Stewart Investors and its fund managers have based their approach on the same investment philosophy that dates back to 1988. The philosophy is founded on stewardship, and the team invests investors' money as though it's their own. They aim to grow investors' wealth over the long term, while limiting losses when markets fall.
In this fund Gait invests in quality companies he believes can deliver sustainable and predictable growth over the long term. He likes cash-generative businesses, which are in good financial health and could withstand periods of economic volatility. The manager also puts emphasis on businesses’ people and culture, and only invests in companies he believes are run by management teams with integrity.
Gait focuses on sectors that are typically more defensive, which means they're expected to hold up better when markets are weaker. This includes the consumer staples and healthcare sectors, which tend to sell products and services that people often continue to buy, regardless of what's going on in the wider economy.
The manager currently finds some of the most attractive long-term opportunities in countries such as India, where 47.4% of the fund is currently invested. This is a significant amount and means the fund is likely to benefit when the Indian market is performing well, but it could hamper returns when the market goes through a setback. Some of these companies carry out business overseas as well as in India. This provides diversification in terms of where they are making profits and means they don’t only rely on the domestic economy for success.

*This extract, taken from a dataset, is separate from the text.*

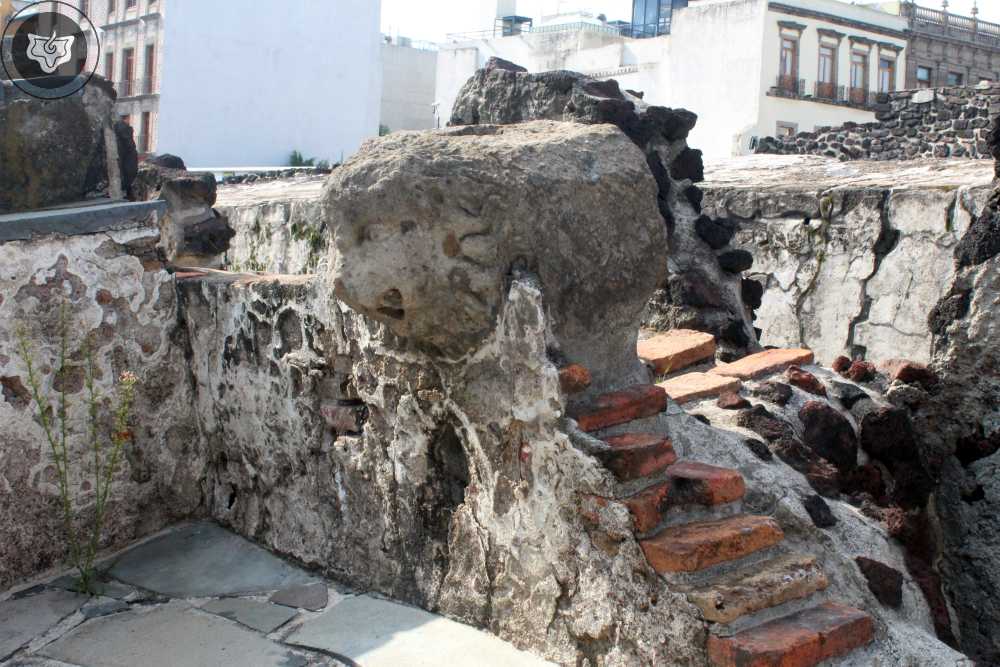 Templo Mayor Foto 0429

Gait is more cautious in his outlook for China, believing there’s increased political risk there compared with other countries. This means 6.3% of the fund currently invests in Chinese companies compared with 30.1% for the Asian market. The manager has focused on quality companies that invest wisely in their businesses for the good of investors, with less involvement from the government.
The fund also has more invested in Japan (currently 10.5%) than most Asia Pacific funds. Funds in the IA Asia Pacific ex Japan sector can invest up to 5% in Japanese companies. However, over the years Gait has found an increasing number of high-quality companies that are based in Japan, but carry out most of their business within Asia. To invest more in Japan and provide additional flexibility, the fund is in the IA Specialist sector.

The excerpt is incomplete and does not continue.